** Task prompt **
The reply should contain every entry below exactly as written, with no images.
----------------
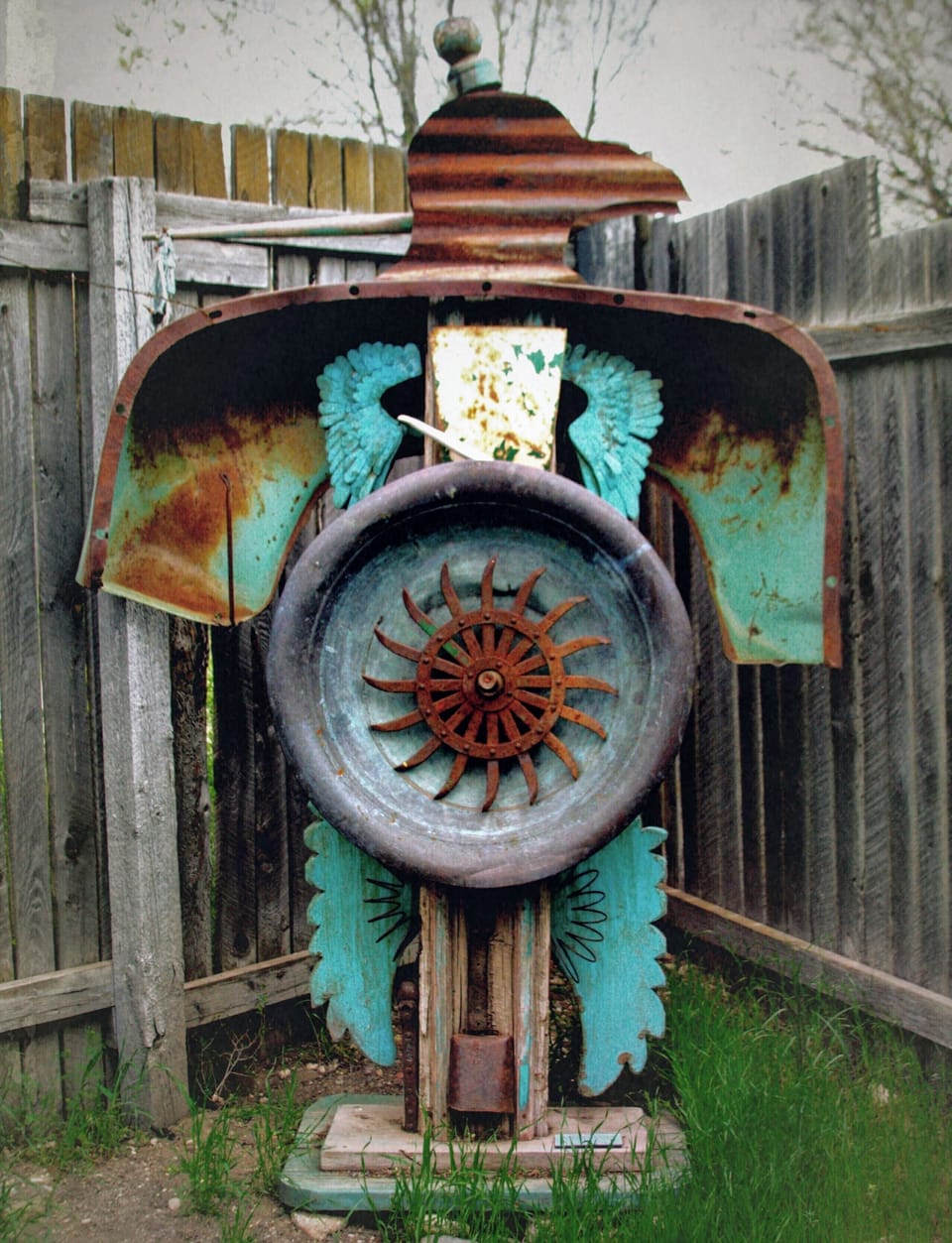 Assemblage Art in Courtyard.  Inspired By A Piece Of Rusty Car By Roadside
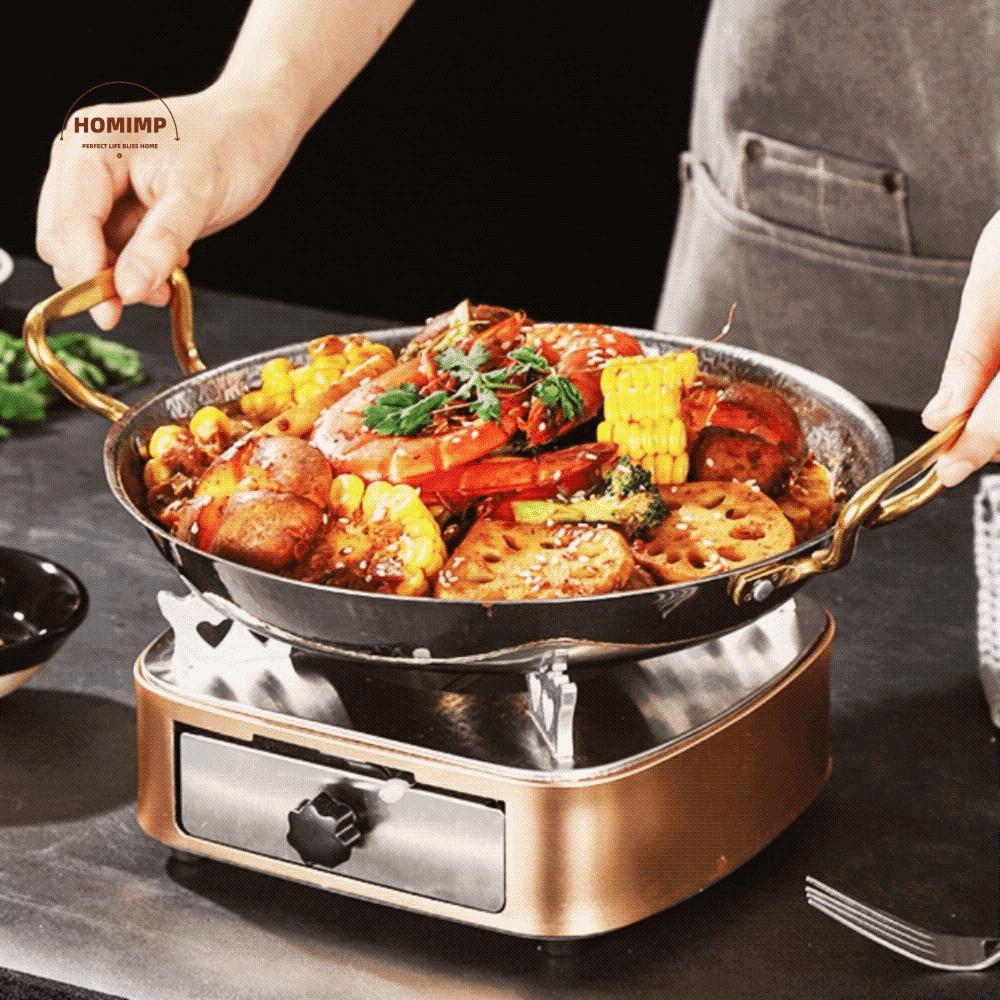 Stainless Steel Hammer Grain Seafood Paella Pan Flat Bottom Thickened Seafood Rice Pot Gold/Silver Binaural Handle Noodle Pot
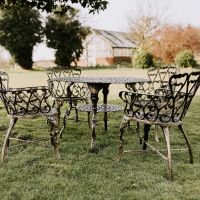 Brushed Gold "Edworth Manor" Dining Set in Full 
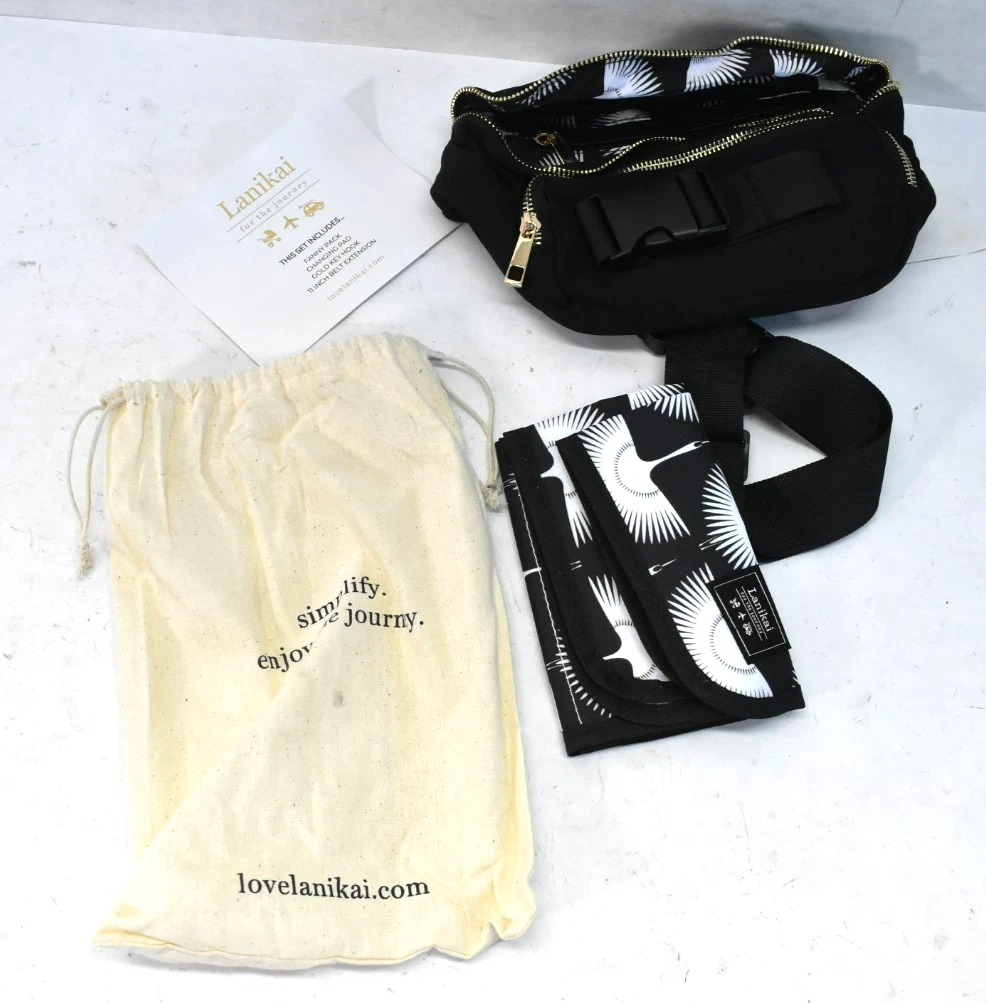 Lanikai Waist Pack Small Diaper Bag True Black Portable w Changing Pad
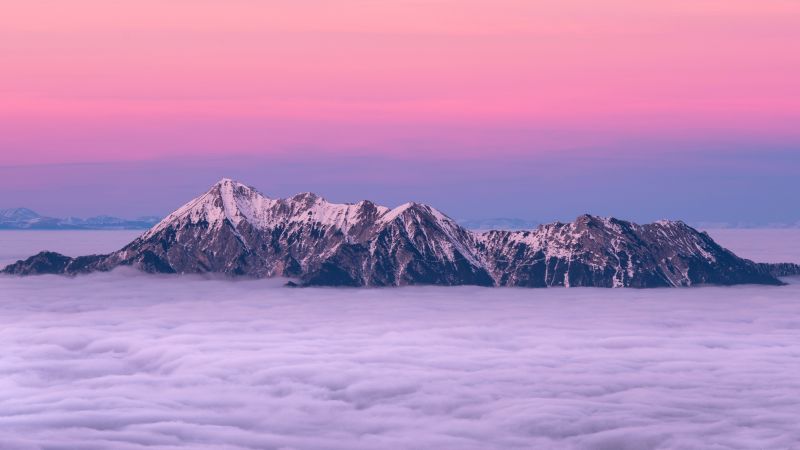 mountain, sky, fog, 5k (horizontal)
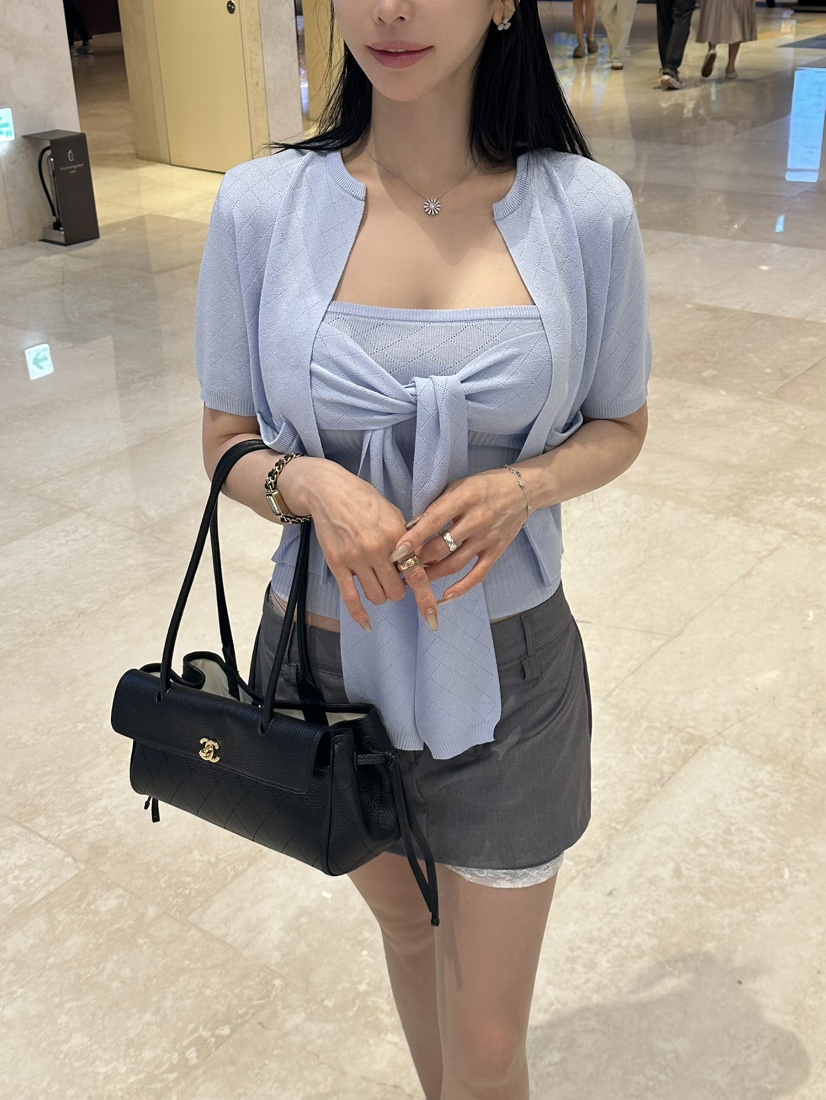 MARKE-P韓國東大門代購女裝新款熱賣26春夏套裝套裝絲綢開衫MARKE-P套裝圖色3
----------------
** Written response **
 Assemblage Art in Courtyard.  Inspired By A Piece Of Rusty Car By Roadside
 Stainless Steel Hammer Grain Seafood Paella Pan Flat Bottom Thickened Seafood Rice Pot Gold/Silver Binaural Handle Noodle Pot
 Brushed Gold "Edworth Manor" Dining Set in Full 
 Lanikai Waist Pack Small Diaper Bag True Black Portable w Changing Pad
 mountain, sky, fog, 5k (horizontal)
 MARKE-P韓國東大門代購女裝新款熱賣26春夏套裝套裝絲綢開衫MARKE-P套裝圖色3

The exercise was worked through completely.